Brasil: mineração na época colonial = vídeo

Trecho do vídeo (documentário) sobre a mineração e indicado na apostila de História (caderno do aluno).                                                                   Fonte: https://www.youtube.com/watch?v=xubWk_7HgyY



sexta-feira, 2 de novembro de 2018

Movimentos Nativistas. Resumo

Rebeliões Nativistas no Brasil.
1. Revolta de Beckman (Maranhão, 1684). O maranhão, no século XVII, era uma região pobre, que vivia principalmente da exploração das drogas do sertão e da pequena lavoura. Como os colonos da região não tinham recursos para comprar escravos africanos, recorriam constantemente à escravização indígena, sofrendo por isso a oposição dos jesuítas.
Para incentivar a colonização e solucionar as dificuldades dos colonos, Portugal criou, em 1682, a Companhia do Comércio do Maranhão, que dominaria o comércio da região por 20 anos. Sua função seria vender produtos europeus, como bacalhau, azeite, vinho, tecidos, farinha de trigo, etc., e comprar o que os colonos produzissem, como algodão, açúcar, madeira e as drogas do sertão. Teria também de conseguir para região 500 escravos por ano, a fim de solucionar o problema de mão-de-obra.
A Companhia, entretanto, vendia seus produtos a preços altíssimos e comprava os artigos dos colonos por valor muito baixo, além de não cumprir o acordo com relação aos escravos. Essa situação levou os colonos a se rebelarem contra a Companhia de Comércio do Maranhão. Sob o comando do fazendeiro Manuel Beckman, os revoltosos ocuparam, em 1684, a cidade de São Luís, de onde expulsaram os representantes da Companhia e os jesuítas que se opunham à escravização indígena, governando o Maranhão por quase um ano.
A reação portuguesa foi dura, enviando tropas para combater os revoltosos e um novo governador para o Maranhão. Os principais líderes do movimento foram enforcados, encerrando a rebelião. O único proveito que os colonos conseguiam com o movimento foi a extinção da Companhia.

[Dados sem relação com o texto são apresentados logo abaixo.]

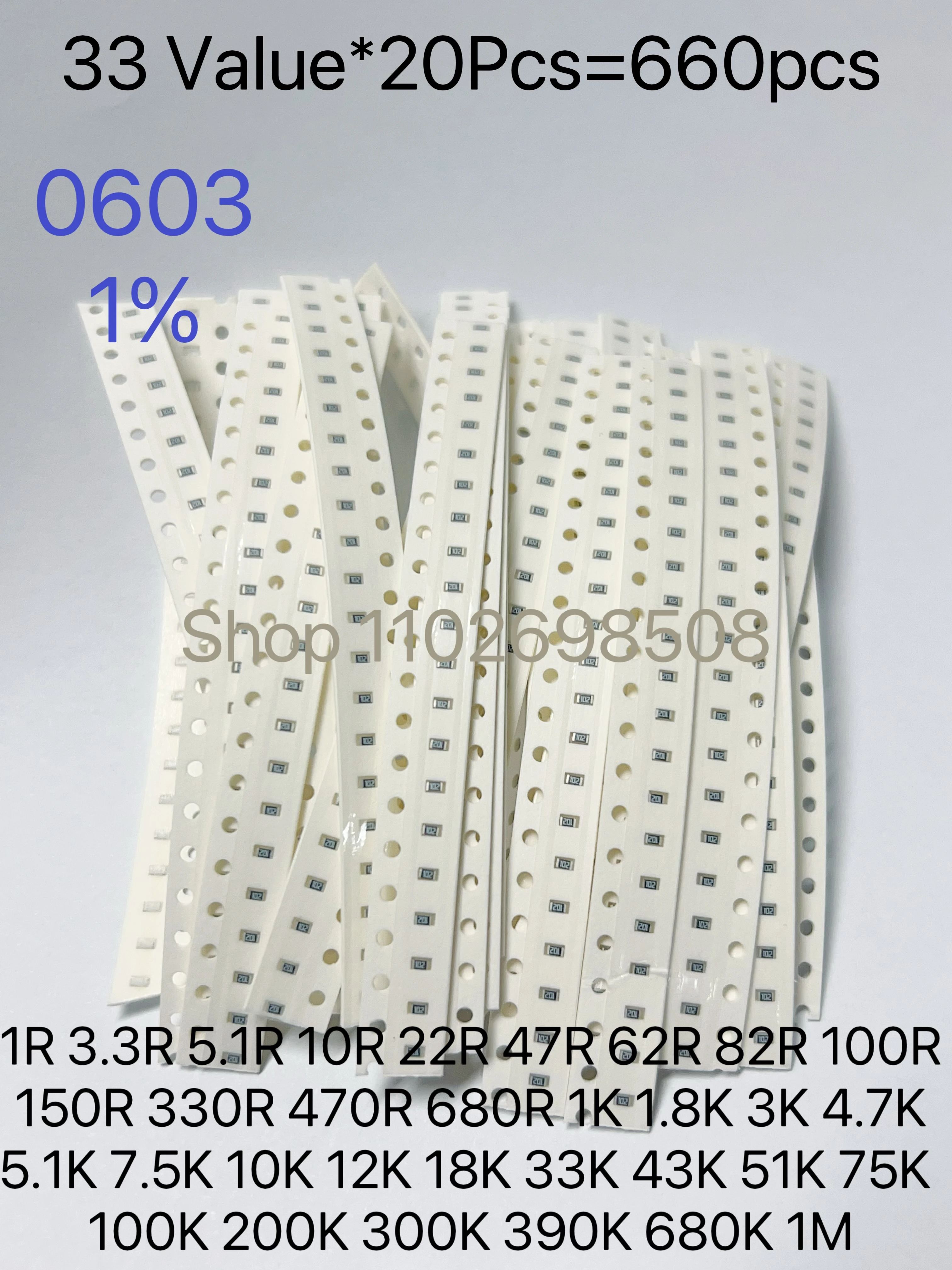 

33valuesX 20pcs=660pcs 0603 0805 1206 Resistor Kit Assorted 1R To 1M Ohm 1% SMD Sample Kit DIY 3.3R 5.1R 10R 47R 62R 82R 1K 10K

2. Guerra dos Emboabas (Minas Gerais, 1707-1709). A descoberta de ouro em Minas Gerais, pelos bandeirantes paulistas, atraiu para a região milhares de colonos de outras províncias além de um grande número de portugueses. Julgando-se com o direito exclusivo sobre a área mineradora, os paulistas hostilizavam os forasteiros – que foram apelidados de “emboabas”.
Sob a liderança de Manuel Nunes Viana, apelidado de “Govenador das minas”, os emboabas enfrentaram os paulistas em vários combates. O mais marcante deles ocorreu no chamado capão da traição, no qual 300 paulistas foram cercados pelos emboabas. Sob a promessa  de que ninguém seria morto, os paulista se renderam e entregaram as armas. O comandante dos emboabas, Bento do Amaral Coutinho, entretanto, ordenou o ataque e massacrou os paulistas.
Em 1709, o governo português interveio e, a fim de pacificar e melhor administrar a região, separou a capitania de São Paulo e Minas Gerais da capitania do Rio de Janeiro. Pouco depois, os bandeirantes paulistas partiram em busca de ouro em Goiás e Mato Grosso, abandonando as Minas Gerais. 

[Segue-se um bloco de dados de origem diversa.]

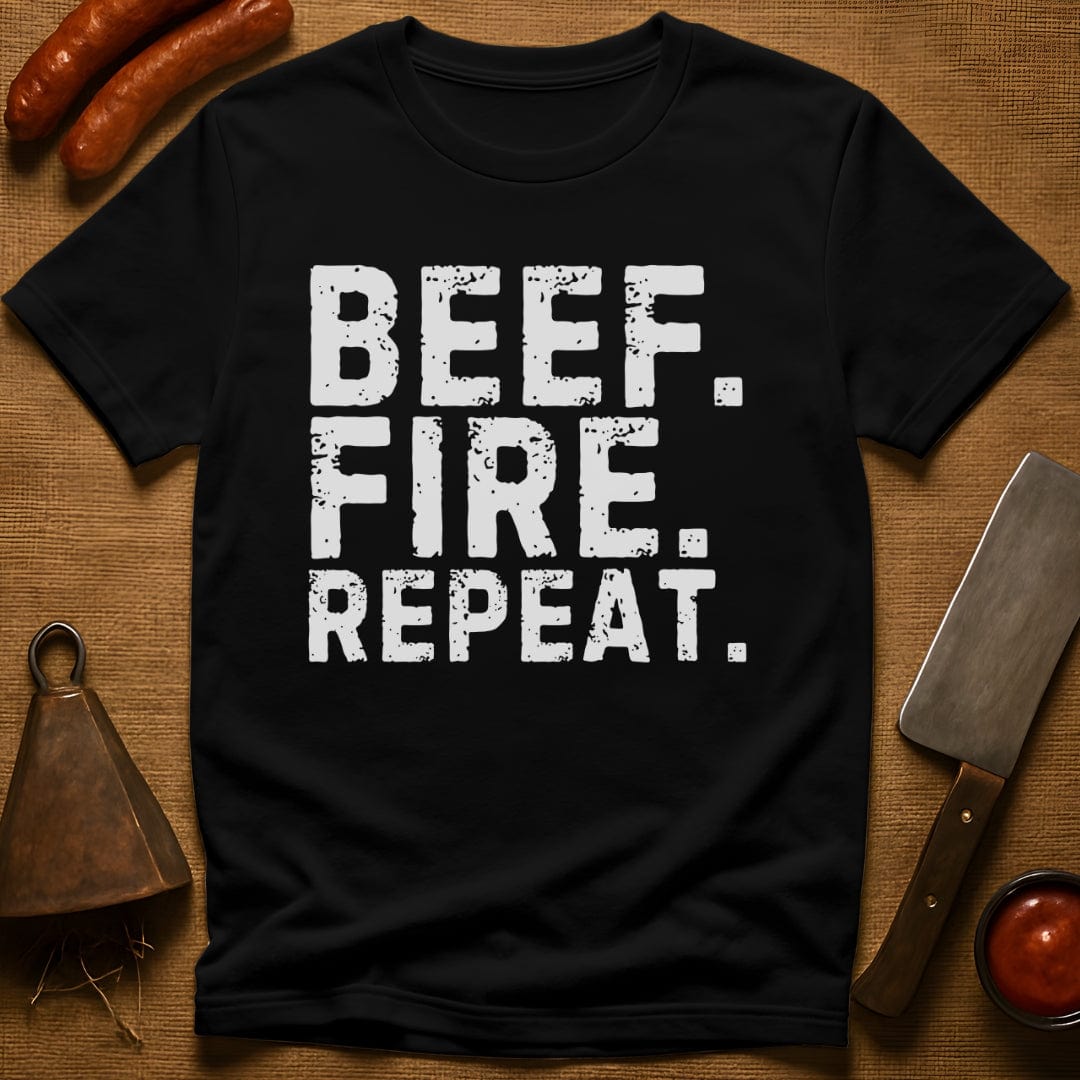 Beef. Fire. Repeat. T-Shirt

3. Guerra dos Mascates (Pernambuco, 1710-1711). Desde a expulsão dos holandeses do nordeste e a consequente decadência da economia açucareira, a aristocracia rural da vila de Olinda vivia em dificuldades econômicas. Continuava, no entanto, controlando a política de Pernambuco, através de sua Câmara Municipal, à qual estava submetido o povoado de Recife.
Enquanto Olinda decaía economicamente, Recife prosperava, graças ao intenso comércio exercido pelos portugueses, apelidados de “mascates”. Além dos grandes lucros obtidos com a venda de mercadorias, os comerciantes passaram a emprestar dinheiro aos olindenses a juros altos. Assim, Recife se transformara no principal centro econômico de Pernambuco, enquanto Olinda continuava a ter o predomínio político.
Em 1709, os comerciantes de Recife conseguiram da Coroa sua emancipação, passando o povoado a ser uma vila independente, com condições de vir a ser o controle político de Pernambuco. Os olindenses, então, sentindo-se prejudicados, invadiram  Recife, iniciando a Guerra dos Mascates (1710-1711).
Os conflitos terminaram no ano seguinte, quando Portugal nomeou Félix José Machado governador de Pernambuco, que prendeu os principais envolvidos no conflito e manteve a autonomia de Recife. No ano seguinte, todos os revoltosos foram anistiados e Recife passou a ser o eixo administrativo de Pernambuco.    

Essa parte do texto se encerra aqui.